Michel Platini shambled in for his press conference. He smiled, laughed and joked with his UEFA general secretary, Gianni Infantino, and his media minder, former CNN sports reporter Pedro Pinto, and sat down to face a throng of cameras and reporters. All were poised for “the news”.
A month earlier, Platini had been first out of the blocks to declare his pursuit of the presidency of FIFA, writing to all the world’s national associations nine days after the executive committee had set the election for February 26.
Now, at the Grimaldi Forum conference centre, staring out at the Mediterranean in Monte Carlo, the French president of UEFA had cleared the decks. The previous day the Champions League group draw had been undertaken; this morning it had been the turn of the Europa League. Now, with all the club business out of the way, it was time to talk of the UEFA president’s world ambitions.

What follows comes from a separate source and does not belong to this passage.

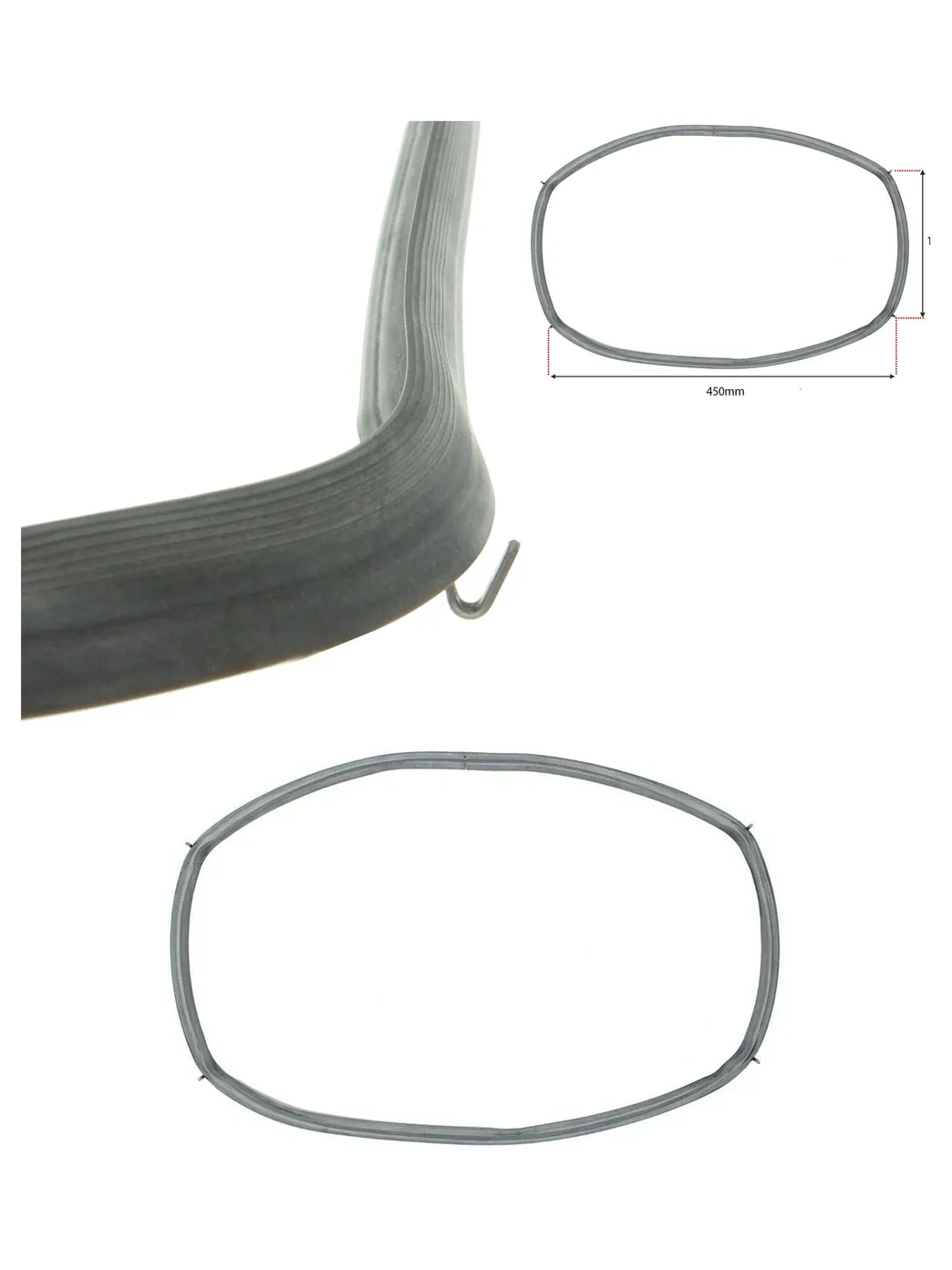 Top Oven Door Seal for Bosch Neff Siemens with Corner Clips 00659556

A fortnight earlier a leak had suggested Platini would use the occasion to launch his manifesto. This, it was understood, was no longer the plan. But at least Platini was here to talk, to front up, to explain why the 209 national associations should vote for him; why he was the right man to pull FIFA out of the corruption-stained, reputation muddied mire. Except that speaking up was not on his agenda.

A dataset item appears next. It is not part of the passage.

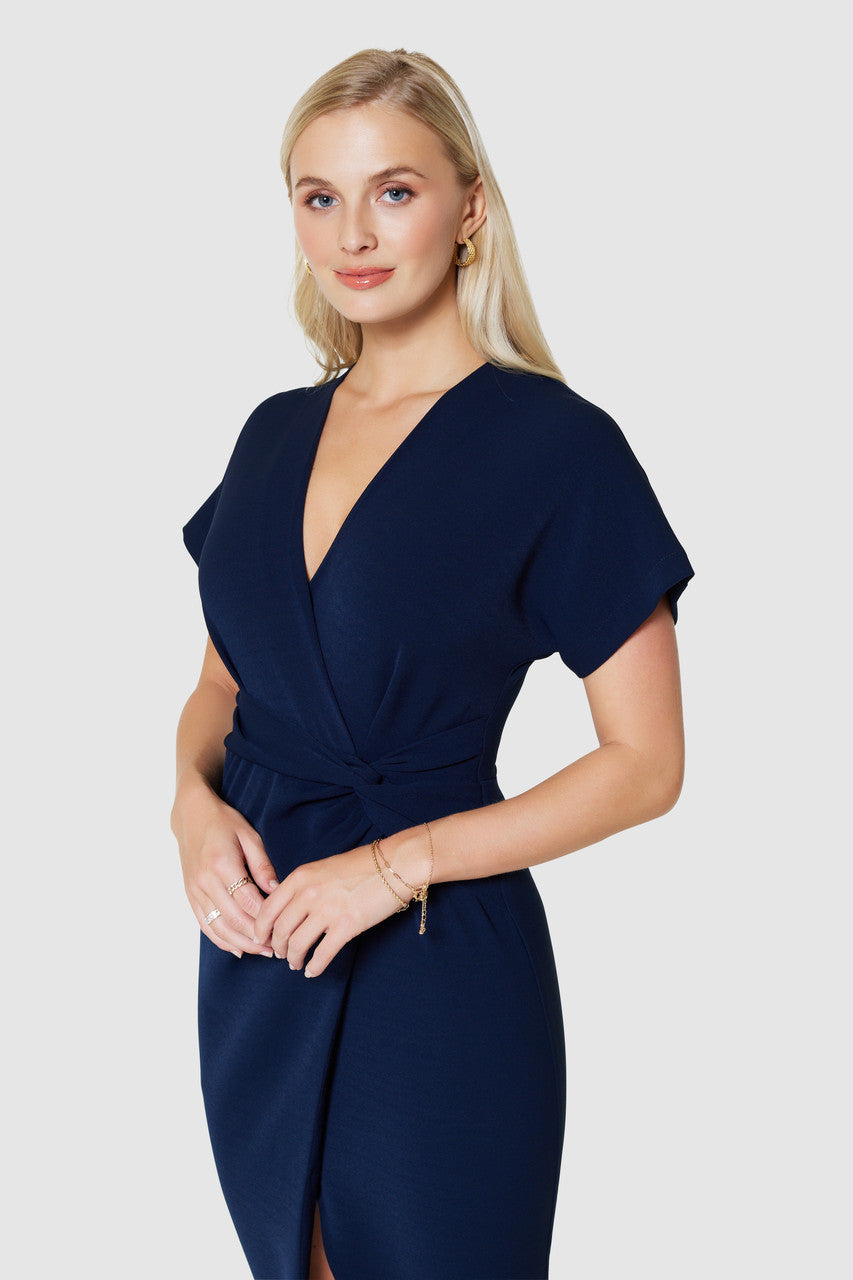 Elegant Miena Kimono Pencil Dress in Navy Blue - Perfect for Office Wear, Cocktail Parties & Special Occasions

As Platini glowed with mischievous satisfaction so Pinto explained that this was a UEFA occasion and FIFA was off limits. There is nothing journalists hate as much as being told they cannot ask questions of a particular subject. It raises hackles and guarantees a bad press. Various reporters from the UK, France, Germany and Italy tried to tease him out. Each time Platini smiled and demurred.
Just before the end, with his audience seething, Platini apologised for his “FIFA silence”. Too late. Just as managers are said to have “lost the dressing room”, so Platini had lost the media.
It was a communications faux pas which has come back not only to bite him but to bite him hard.
Over the last weeks, as a three cornered net has been drawn gradually ever tighter – by the Swiss attorney general, by the United States Department of Justice and even by the FIFA Independent Ethics Committee – so the customary poise of Platini and FIFA president Sepp Blatter has faded as they have wriggled and squirmed and fallen back on the fragile status of their respective presidencies.
Blatter had cut loose his secretary general, Jerome Valcke, on the hearsay word of a ticket tout with a grudge to bear; and Platini, within the FIFA maelstrom, could not turn to his right for Infantino to wave a magic wand and come up, Baldrick-like, with another cunning plan.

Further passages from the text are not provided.